When you type something into the Spotlight search bar on your Mac, you’re using FTS. Mac OS X has already built an FTS index of the files on your system, and queries that index. Search Kit is the Foundation framework that Apple uses to deliver those search results, and it’s available to you too. The catch? It’s Mac only, and not integrated into Core Data.
When we were chatting, I mentioned to Chris that Search Kit would make a terrific NSHipster topic. The next day, that’s what happened! The NSHipster article also summarizes the technical issues in Full Text Search nicely.
Indragie Karunaratne has a project on Github that uses Search Kit to back Core Data searches. I’ve only read over the source, and haven’t tried it, but it looks solid. His approach is to build a Search Kit index that returns NSManagedObjectIDs of Core Data objects matching a particular full text search.
Locayta makes their FTS mobile search engine available to iOS developers: free for non-commercial use, $1000 per commercial app. It’s not integrated with Core Data. An approach similar to the one Indragie Karunaratne took with Search Kit integration would probably work, though.
The backing store most commonly used with Core Data, SQLite, includes FTS support. It’s just not exposed in any Core Data API (at least, not as of iOS 6.1).
Wolfert de Kraker describes a technique for using the SQLite FTS4 engine simultaneously with Core Data. It involves creating a Virtual Table within the same SQLite database that Core Data uses. Then he uses FMDB to create a search method which uses the FTS4 search to respond to UISearchDisplayController delegate calls. NSManagedObjectIDs are returned as the raw SQLite search results, and then Core Data retrieves these objects.

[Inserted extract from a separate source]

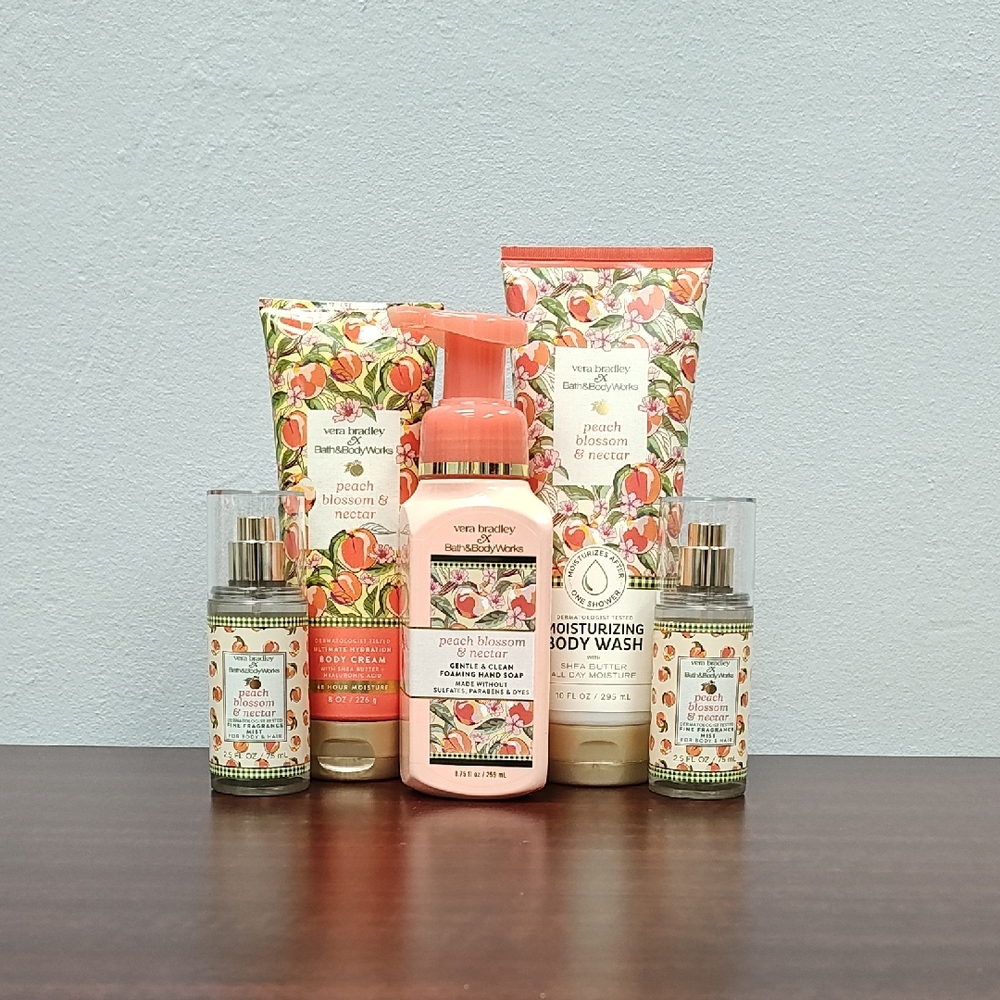 Bath & Body Works x Vera Bradley PEACH BLOSSOM & NECTAR 5 Pc Limited Edition Set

This 2010 Stack Overflow answer describes a similar approach. A different answer a few months later makes a sideways variation: instead of storing NSManagedObjectIDs in the shadow SQLite table, store SQLite row IDs as Core Data attributes.
These solutions included a custom copy of SQLite in their projects. Although they are iOS projects, I see no reason you couldn’t use the same approach on OS X.
I have to say that it makes me very nervous to think of mucking around in Core Data’s SQLite file. Call me superstitious.
Open Source FTS
We looked at two long-established open source FTS engines, Xapian and Lucene.
Lucene is a Java-based search engine, part of the Apache project. A port to Gnustep, Lucene Kit, was begun in 2005 and seems to have languished for a while. The most current version I found was https://github.com/zbowling/LuceneKit, which was active as recently as 2012.
Xapian is a C++ search engine, and the one that Chris uses in his production code. It is presently licensed under GPL, which would make for some complications if you were to include it in an iOS project. There was some mention on the Xapian forum of writing an Objective-C binding. The conclusion was that it should be straightforward, but that no one has done it yet.